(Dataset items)
-- Opening Marker --
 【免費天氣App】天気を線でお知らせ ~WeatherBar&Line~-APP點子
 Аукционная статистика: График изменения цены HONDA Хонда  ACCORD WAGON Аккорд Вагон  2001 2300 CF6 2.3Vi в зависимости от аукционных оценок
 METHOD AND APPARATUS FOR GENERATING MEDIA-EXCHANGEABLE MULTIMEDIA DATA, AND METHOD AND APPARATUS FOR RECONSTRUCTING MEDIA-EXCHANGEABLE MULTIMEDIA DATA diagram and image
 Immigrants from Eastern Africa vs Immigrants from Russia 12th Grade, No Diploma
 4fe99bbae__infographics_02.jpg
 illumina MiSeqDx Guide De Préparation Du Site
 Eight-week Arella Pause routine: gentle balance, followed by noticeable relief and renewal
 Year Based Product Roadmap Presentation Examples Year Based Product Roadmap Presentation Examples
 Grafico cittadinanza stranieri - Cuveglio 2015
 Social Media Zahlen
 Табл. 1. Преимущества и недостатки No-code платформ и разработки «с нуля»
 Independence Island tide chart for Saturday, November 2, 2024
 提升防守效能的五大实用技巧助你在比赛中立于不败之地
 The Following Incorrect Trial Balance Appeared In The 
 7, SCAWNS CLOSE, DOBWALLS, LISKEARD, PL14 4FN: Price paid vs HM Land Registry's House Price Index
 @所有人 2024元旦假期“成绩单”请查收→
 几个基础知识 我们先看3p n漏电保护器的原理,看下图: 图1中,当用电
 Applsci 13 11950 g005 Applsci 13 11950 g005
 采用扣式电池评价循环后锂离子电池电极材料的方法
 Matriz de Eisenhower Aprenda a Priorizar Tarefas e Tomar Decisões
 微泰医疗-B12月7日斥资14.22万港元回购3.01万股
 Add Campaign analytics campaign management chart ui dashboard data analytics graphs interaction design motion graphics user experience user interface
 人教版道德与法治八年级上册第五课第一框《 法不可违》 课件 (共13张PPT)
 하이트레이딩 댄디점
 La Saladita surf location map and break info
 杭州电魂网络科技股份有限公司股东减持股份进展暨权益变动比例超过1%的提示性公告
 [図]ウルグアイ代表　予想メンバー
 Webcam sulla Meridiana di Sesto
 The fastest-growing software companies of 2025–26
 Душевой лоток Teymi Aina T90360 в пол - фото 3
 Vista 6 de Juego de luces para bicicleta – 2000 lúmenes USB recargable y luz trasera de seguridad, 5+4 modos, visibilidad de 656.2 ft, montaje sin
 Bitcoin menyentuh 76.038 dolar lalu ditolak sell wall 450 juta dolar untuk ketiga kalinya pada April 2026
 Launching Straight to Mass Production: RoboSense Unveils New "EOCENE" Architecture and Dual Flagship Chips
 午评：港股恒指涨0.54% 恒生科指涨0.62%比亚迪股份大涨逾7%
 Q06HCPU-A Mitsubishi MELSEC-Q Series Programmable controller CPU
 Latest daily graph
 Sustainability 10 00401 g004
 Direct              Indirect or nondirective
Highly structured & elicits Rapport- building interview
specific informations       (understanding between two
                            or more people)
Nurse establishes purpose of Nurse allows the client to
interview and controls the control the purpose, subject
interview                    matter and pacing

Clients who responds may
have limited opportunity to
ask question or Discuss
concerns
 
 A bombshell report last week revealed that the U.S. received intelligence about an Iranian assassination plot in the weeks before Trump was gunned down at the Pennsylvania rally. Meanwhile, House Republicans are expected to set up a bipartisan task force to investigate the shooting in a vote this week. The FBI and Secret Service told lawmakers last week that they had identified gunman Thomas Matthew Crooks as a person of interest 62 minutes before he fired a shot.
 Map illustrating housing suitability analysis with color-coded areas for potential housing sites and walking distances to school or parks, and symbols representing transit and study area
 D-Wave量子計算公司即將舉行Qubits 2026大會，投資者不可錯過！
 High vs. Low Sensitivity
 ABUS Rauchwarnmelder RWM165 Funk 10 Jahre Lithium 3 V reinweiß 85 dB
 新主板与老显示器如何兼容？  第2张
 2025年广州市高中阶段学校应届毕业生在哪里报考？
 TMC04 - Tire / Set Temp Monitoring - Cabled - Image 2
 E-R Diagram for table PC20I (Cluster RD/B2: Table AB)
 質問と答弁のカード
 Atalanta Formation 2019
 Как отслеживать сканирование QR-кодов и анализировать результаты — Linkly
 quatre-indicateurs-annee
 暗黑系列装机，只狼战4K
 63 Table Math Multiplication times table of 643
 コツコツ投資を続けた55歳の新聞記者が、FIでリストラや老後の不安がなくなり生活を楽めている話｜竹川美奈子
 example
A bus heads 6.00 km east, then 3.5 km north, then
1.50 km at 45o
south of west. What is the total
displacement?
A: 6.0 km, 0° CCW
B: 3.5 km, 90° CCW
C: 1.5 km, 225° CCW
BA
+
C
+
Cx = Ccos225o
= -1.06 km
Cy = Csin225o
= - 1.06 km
-- Closing Marker --
■ **Exercise**: Copy out the entries above exactly as given, starting at the top and ending with the line containing "Immigrants from Eastern"; include both and nothing more.

■ **Response below**:
 【免費天氣App】天気を線でお知らせ ~WeatherBar&Line~-APP點子
 Аукционная статистика: График изменения цены HONDA Хонда  ACCORD WAGON Аккорд Вагон  2001 2300 CF6 2.3Vi в зависимости от аукционных оценок
 METHOD AND APPARATUS FOR GENERATING MEDIA-EXCHANGEABLE MULTIMEDIA DATA, AND METHOD AND APPARATUS FOR RECONSTRUCTING MEDIA-EXCHANGEABLE MULTIMEDIA DATA diagram and image
 Immigrants from Eastern Africa vs Immigrants from Russia 12th Grade, No Diploma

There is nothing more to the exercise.